Labs are quietly running Mythos-class models that crush SWE-Bench and dig up ancient security bugs, while public coding assistants like Claude Code are regressing and locking people out. At the same time, open-weight coders such as GLM-5.1 and Qwen 3.5 plus serious local stacks are now good enough to power real agents, pushing the interesting questions into RAG 2.0, security agents, and the brittle MCP/graph/memory plumbing underneath.
The most writable stories sit exactly where benchmark hype meets flaky tooling and newly dangerous capabilities.
Key Events
/Claude Mythos Preview found thousands of zero-day vulnerabilities across major OSes and browsers, including a 27-year OpenBSD bug, and will only be available to billion-dollar companies, governments, and select partners.
/GLM-5.1 became the #1 open-source and #3 overall model on SWE-Bench Pro with a 58.4 score, and topped the Vals Index and GDPval-AA rankings.
/Meta Superintelligence Labs launched Muse Spark, a natively multimodal, tool-using, multi-agent model that ranks just behind Gemini 3.1 Pro and GPT-5.4 on the Artificial Analysis Intelligence Index.
/The Model Context Protocol (MCP) surpassed 97 million monthly SDK downloads and 177,000 registered tools, becoming the de facto standard for connecting agents to external systems.
/Alibaba’s HappyHorse 1.0 open-source text-to-video model reached #1 in the Artificial Analysis Video Arena for Text and Image to Video (No Audio), licensed under Apache 2.0.
Report
Public coding assistants are getting flakier right as labs quietly demo Mythos-class models that dig up decades-old zero-days and outscore earlier Claudes on SWE-Bench-style tests.
At the same time, open-weight coders like GLM-5.1 and Qwen 3.5 are suddenly strong enough locally that 'which stack powers my agents?' is a live architectural question, not a foregone conclusion.
the hidden frontier vs tired public coders
Anthropic’s Claude Mythos Preview is quietly operating in a different universe from public Claude: it finds thousands of zero-day vulns across major OSes and browsers, including a 27-year OpenBSD bug and a 16-year FFmpeg flaw, and beats Opus 4.6 on SWE-Bench Pro (77.8% vs 53.4%).

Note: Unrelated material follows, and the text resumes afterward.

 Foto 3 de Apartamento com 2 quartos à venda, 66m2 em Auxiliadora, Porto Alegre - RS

Yet Mythos is explicitly withheld from the public and limited to billion-dollar companies, governments, and select researchers, plus Glasswing partners.

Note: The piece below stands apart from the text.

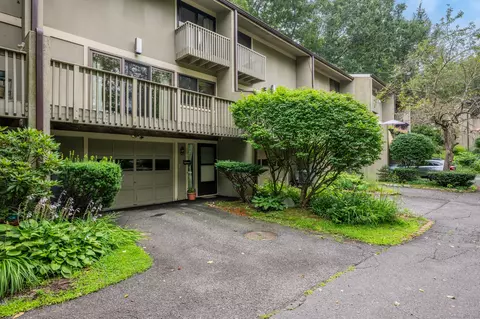 48 Clubhouse Dr #48, Woodbury, CT 06798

Meanwhile, the tools your audience actually uses—Claude Code and Opus—are being called unusable for complex engineering, with reports of hours-long lockouts and a sharp drop in 'thinking' length from ~2,200 to ~600 characters after recent updates.
AMD’s senior director of AI publicly says Claude has regressed and can’t be trusted on complex engineering tasks, and some users suspect older models are being sandbagged ahead of new releases.
For experienced engineers already leaning on agents as copilots, this is a now story about a widening capability gap between what the labs run and what’s in your editor or API key.
security agents as showcase and attack surface
Security is where agent reality is already weird: Mythos-class models are being wired into Project Glasswing so partners can scan critical software for thousands of zero-days, including ancient bugs in OpenBSD, FFmpeg, and Linux.
Small models have independently rediscovered many of the same vulns, and VulGD is proposing a dynamic vulnerability graph DB to track this landscape, so vuln-hunting becomes a continuous graph process rather than ad-hoc scans.
At the same time, personal agents like OpenClaw already run with full local system access, integrate with sensitive services, and are deployed at scale despite unreliable memory and a substantial attack surface.
Research groups are extending Rowhammer to GPUs, making multi-tenant GPU memory a live security concern just as everyone pushes more inference into shared accelerators.
For security-minded agent builders, this is an urgent story: the best real demo of agent power today is vuln-hunting, and it arrives bundled with new, poorly understood threat models.
local coders vs cloud giants
GLM-5.1 is now the #1 open-weights model and #3 globally on SWE-Bench Pro at 58.4, about 95.6% of Claude Opus 2.6’s code-gen competence, and it’s leading GDPval-AA and the Vals Index—all while running locally with full data control.
Users report six-fold database throughput gains (21.5k QPS) from its generated optimizations, which is the kind of concrete win your audience cares about.
Qwen 3.5 27B compiles 100% of backend projects and is ~25× cheaper than competitors, while the 122B variant has become a local king among LLMs for many coders.
On the hardware side, people are running Gemma 4 at 40 tokens/s on an iPhone and 25 tokens/s for the 31B variant on an M-series MacBook, while a 397B-parameter model crawls along at 1.77 tokens/s via NVMe memory extension.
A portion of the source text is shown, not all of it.